◆ Problem details ◆
I need the lines from the one containing "Ransel kemping DHAVIN" through the last line of the entries retyped exactly, with no pictures among them.

--- START ---

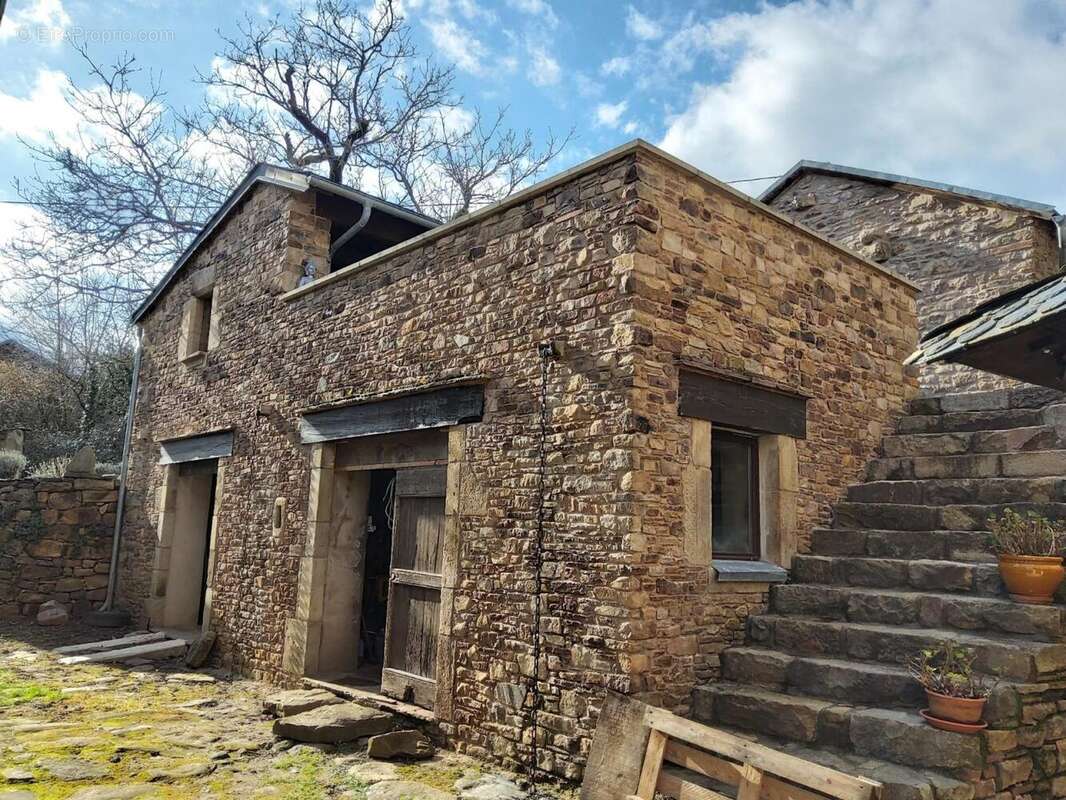 Photo 7 - Maison à MARTRIN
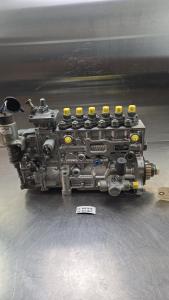 Liebherr Kraftstoffeinspritzpumpe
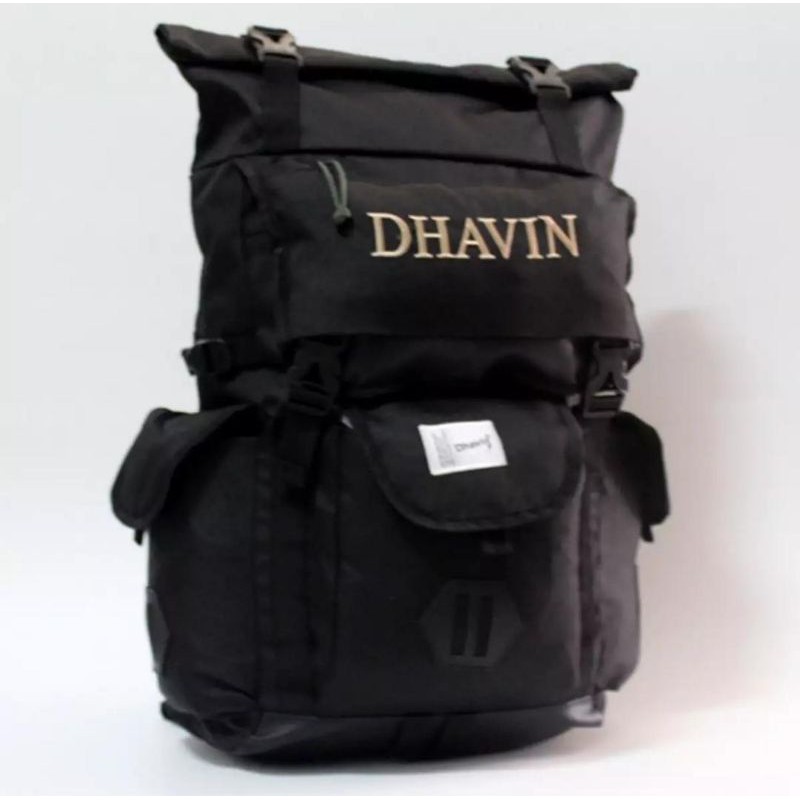 Ransel kemping DHAVIN ( HARGA GROSIR ), Tas Gunung, Tas kemping, Tas kantor, Tas sekolah, Tas gendong - Tas Sekolah - Tas Lipat - Tas Mudik - Tas Outdoor - Tas Murah - Tas Besar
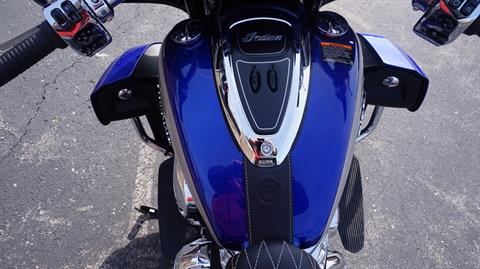 2024 Indian Motorcycle Roadmaster® in Racine, Wisconsin - Photo 29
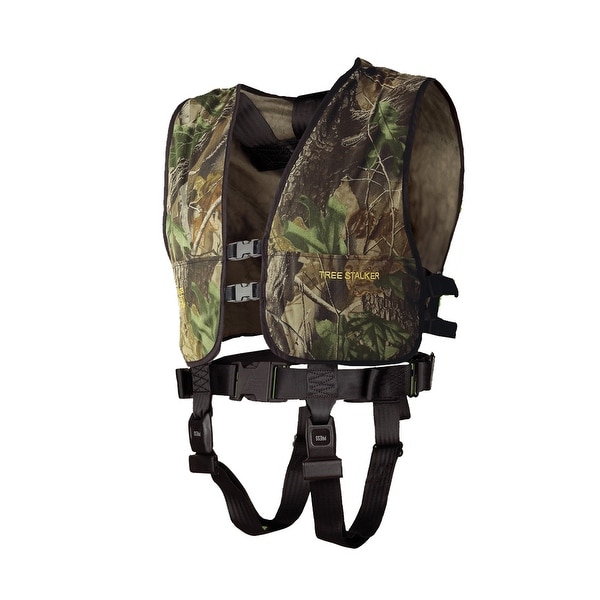 Hunter Safety System Lil Tree Stalker Safety Vest HSS8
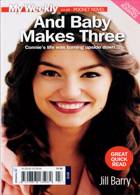 My Weekly Pocket Novel Magazine Issue NO 2112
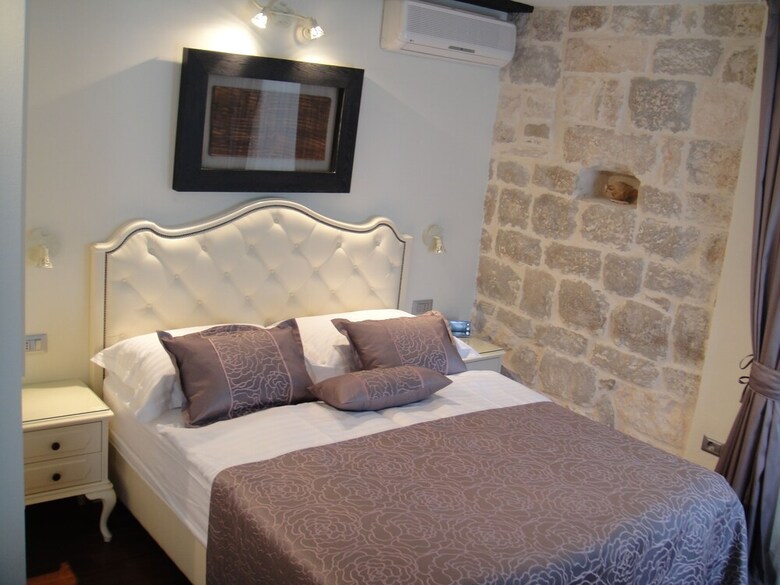 B&B Kastel 1700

--- END ---

◆ Answer area ◆
 Ransel kemping DHAVIN ( HARGA GROSIR ), Tas Gunung, Tas kemping, Tas kantor, Tas sekolah, Tas gendong - Tas Sekolah - Tas Lipat - Tas Mudik - Tas Outdoor - Tas Murah - Tas Besar
 2024 Indian Motorcycle Roadmaster® in Racine, Wisconsin - Photo 29
 Hunter Safety System Lil Tree Stalker Safety Vest HSS8
 My Weekly Pocket Novel Magazine Issue NO 2112
 B&B Kastel 1700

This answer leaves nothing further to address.